Last updated: FY2026 ICD-10-CM (Oct 1, 2025 – Sep 30, 2026) | CMS-HCC V28 (100% phase-in, PY2026)

Is E08.319 an HCC code?

Yes. E08.319 maps to Diabetes with Chronic Complications under the CMS-HCC V28 risk adjustment model (and Diabetes with Chronic Complications under V24).

HCC Category Mapping

V28HCC 37Diabetes with Chronic Complications
0.245
V24HCC 18Diabetes with Chronic Complications
0.302
ESRDHCC 18Diabetes with Chronic Complications
0.000
RxHCCHCC 30Diabetes with Complications
0.000

RAF weights shown are the community, non-dual, aged base weights from the CMS risk adjustment model file. Actual per-patient RAF contribution depends on member segment, interactions, and the model year used by the payer. V28 is the CMS-HCC model phased in over payment years 2024–2026; V24 remains in use during the transition and for historical data.

MEAT Criteria for E08.319

For E08.319to count as a valid HCC diagnosis in a given encounter, the provider's documentation must show MEAT: Monitor, Evaluate, Assess, or Treat. A diagnosis from a prior year does not carry forward automatically — it has to be re-documented and supported each calendar year.

  • MMonitor: signs, symptoms, disease progression, or lab trending documented in the note
  • EEvaluate: test results, medication response, or physical findings reviewed by the provider
  • AAssess: explicit mention in the assessment or plan with acknowledgment of status
  • TTreat: medication, referral, procedure, therapy, or counseling tied to the diagnosis

Only one of M/E/A/T is required to support the code, but the documentation must be specific enough to show that the provider actually addressed E08.319 during that encounter — not just copy-forwarded from a problem list.

What This Code Means

E08.319 is the ICD-10-CM diagnosis code for diabetes mellitus due to underlying condition with unspecified diabetic retinopathy without macular edema. Eye damage from diabetes caused by an underlying condition without swelling in the macula. E08.319 sits in the ICD-10-CM chapter for endocrine, nutritional and metabolic diseases (e00-e89), within the section covering diabetes mellitus (e08-e13).

Under the CMS-HCC V28 risk adjustment model, E08.319 maps to Diabetes with Chronic Complications (HCC 37) with a community, non-dual, aged base RAF weight of 0.245. Under the older V24 model, E08.319 mapped to the same category but with a base RAF weight of 0.302 — V28 recalibrated weights across the entire model. V28 is the CMS-HCC risk adjustment model that reached 100% phase-in for payment year 2026, replacing V24 which was used during the PY2024–PY2025 transition.
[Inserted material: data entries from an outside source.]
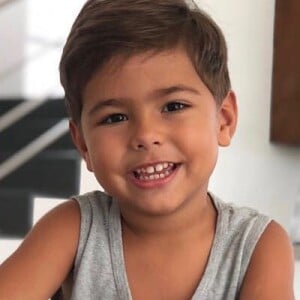 Filho de Simone impressionou por semelhança com a mãe em foto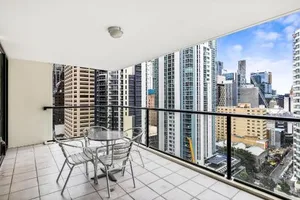 Image of 1-Bed Brisbane City Centre with Pool, BBQ & Gym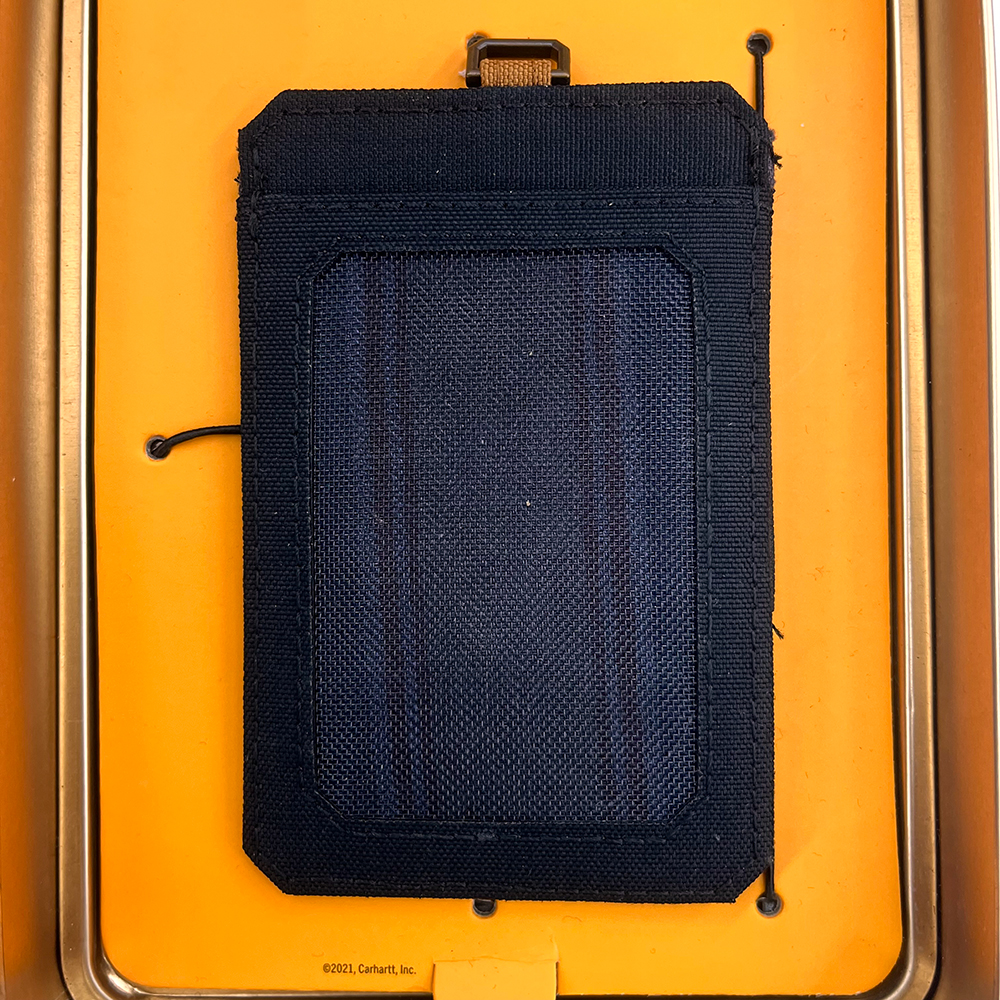 裏面はメッシュで中身が見えます。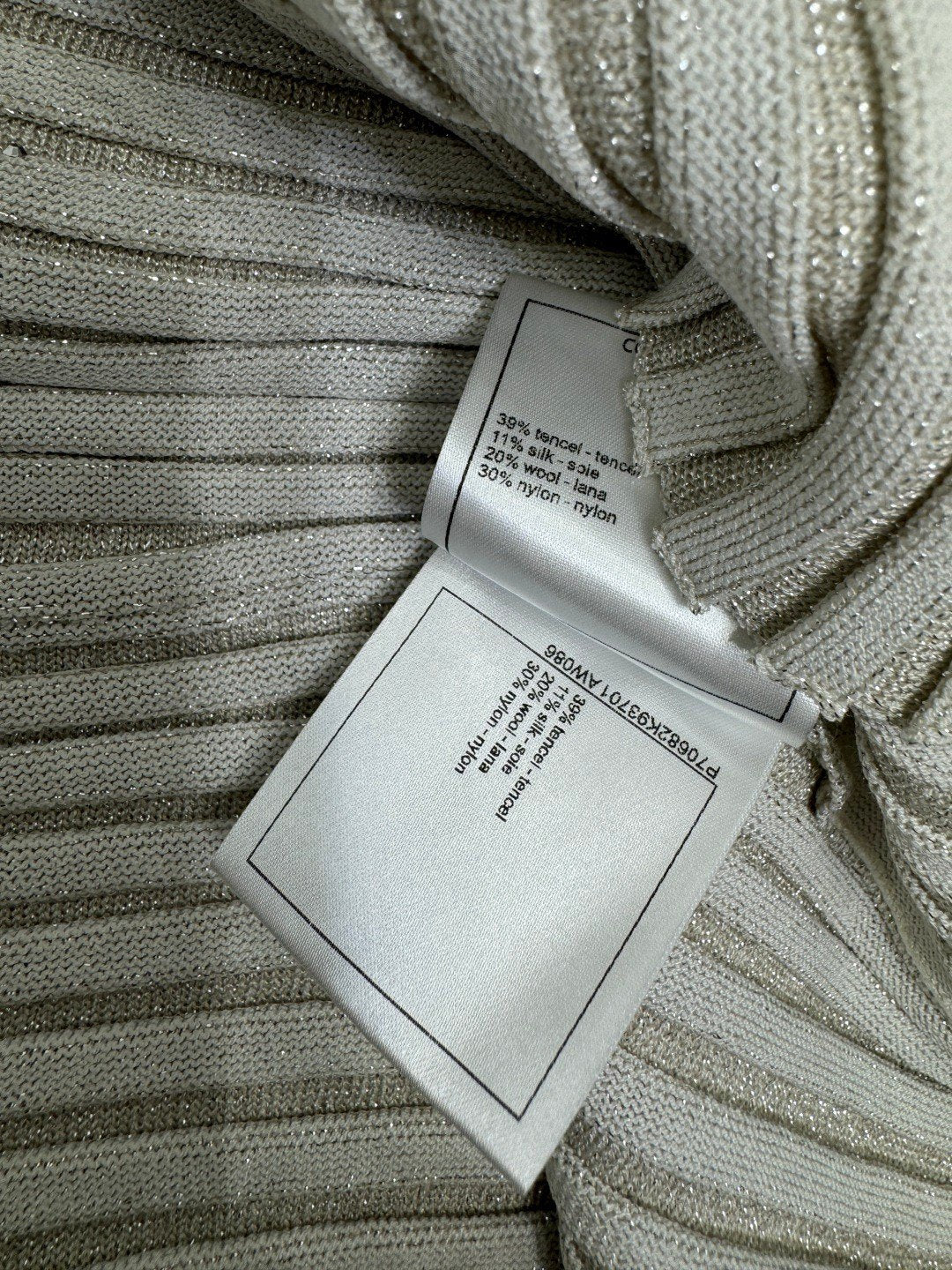 25 Round neck vertical stripe knitted top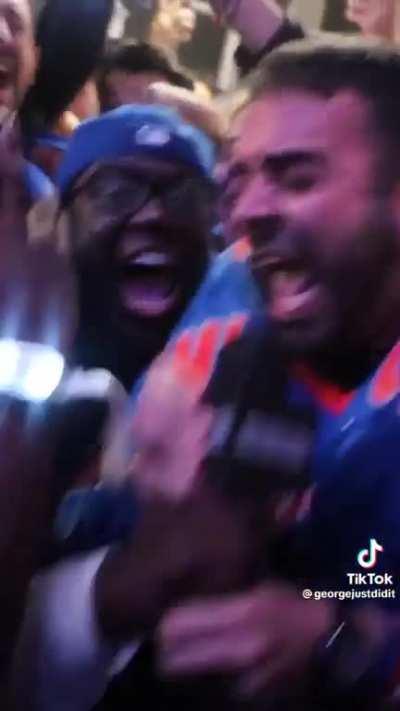Knicks fans after the win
Use this code when retinopathy is present but macular edema is explicitly ruled out or not documented. Because E08.319 maps to a payment HCC, the provider's documentation must satisfy MEAT criteria (Monitor, Evaluate, Assess, or Treat) for the encounter to count toward the patient's Medicare Advantage risk adjustment score. When documentation is ambiguous, coders should issue a provider query rather than assume the highest-specificity variant.
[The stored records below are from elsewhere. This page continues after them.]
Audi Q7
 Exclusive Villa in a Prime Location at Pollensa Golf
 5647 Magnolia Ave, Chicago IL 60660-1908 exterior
HCC Buddy maintains structured V28 and V24 mapping, RAF weights, and MEAT documentation criteria for E08.319 sourced directly from the CMS-HCC risk adjustment model files and the CMS ICD-10-CM code set.

Coding Tips

  • Use this code when retinopathy is present but macular edema is explicitly ruled out or not documented
  • Ensure the underlying condition is coded separately

Clinical Significance

Diabetes mellitus due to an underlying condition with unspecified diabetic retinopathy without macular edema indicates diabetic eye disease in secondary diabetes where the retinopathy stage has not been specified and the macula is not involved. While the absence of macular edema is favorable for central vision preservation, the unspecified retinopathy stage limits clinical utility and may indicate incomplete ophthalmologic evaluation. Regular dilated eye examinations are essential to monitor for progression.
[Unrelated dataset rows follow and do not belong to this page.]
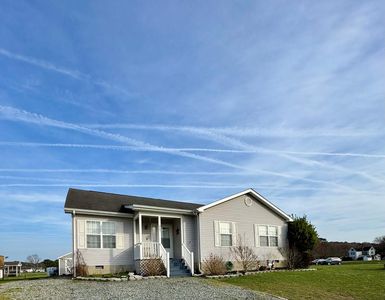 Property at 2201 Yardarm Dr, Greenbackville, VA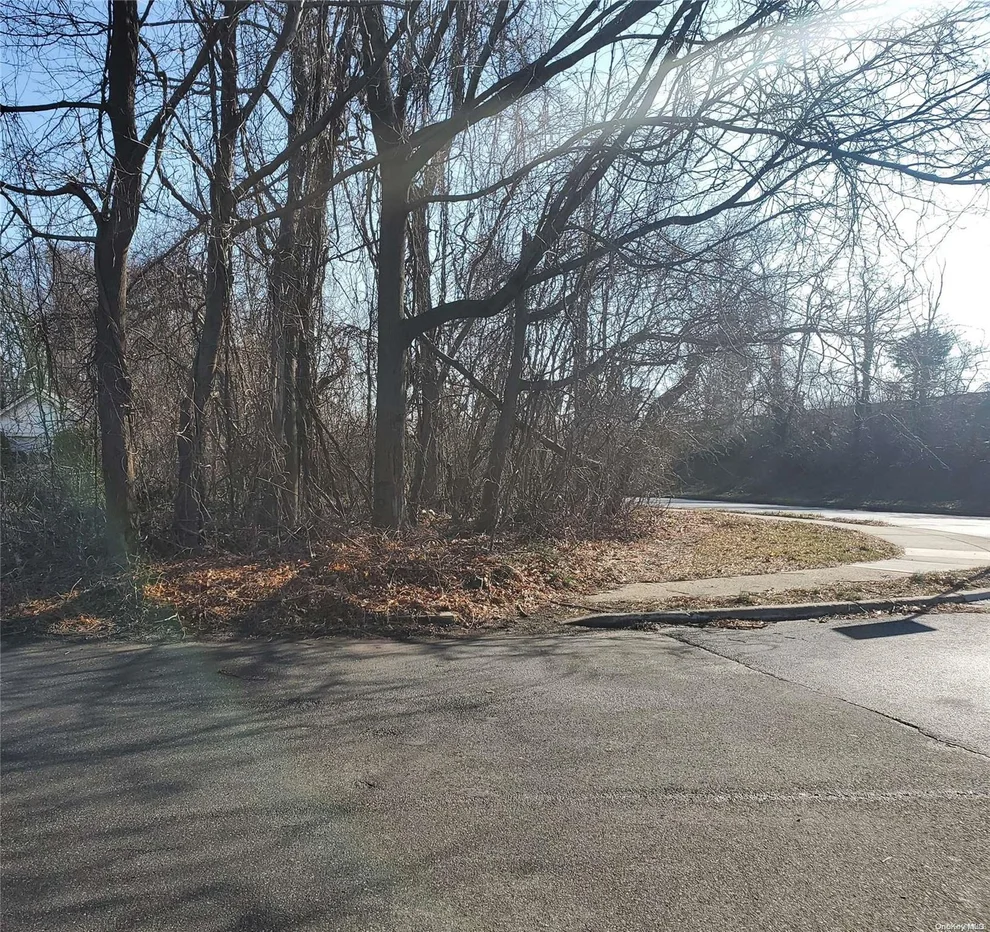 Unit for sale at 0 Sunrise Highway, Islip, NY 11751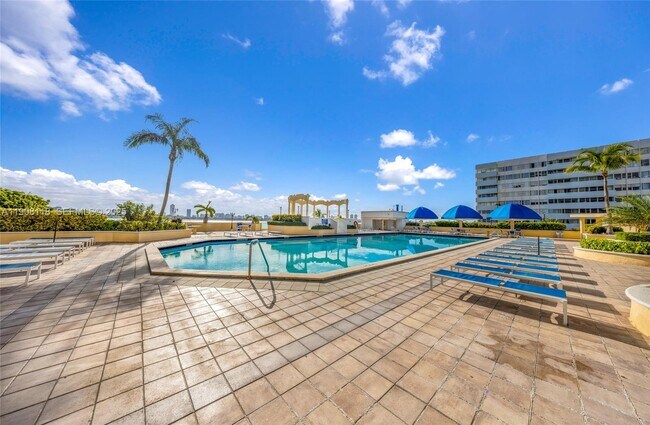 Photo - 7601 E Treasure Dr Unit 510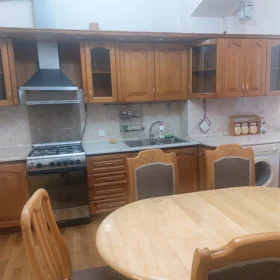In Baku 130.0 m² apartment is for rent - Image 8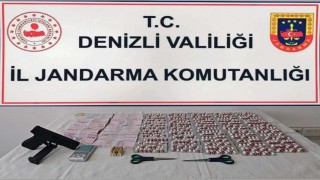 Denizlide 3 zehri taciri binlerce uyuşturucu hapla yakalandı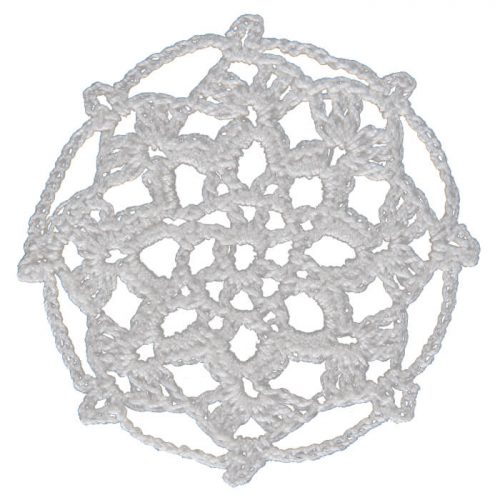 The edges of the model is crocheted as octagon bulky shape. In the middle part eight leaves are designed. Tips of the leaves of the model is ornamented with eight anther shapes. The edges of the model is ornamented with decorative clovers that are connecting with each other.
Documentation Requirements

  • Document the underlying condition causing diabetes, the presence of diabetic retinopathy on fundoscopic examination, explicit absence of macular edema, and laterality.
  • Query the ophthalmologist for the specific stage of retinopathy (nonproliferative mild/moderate/severe or proliferative) to enable more specific coding.
  • Record the frequency of follow-up eye examinations.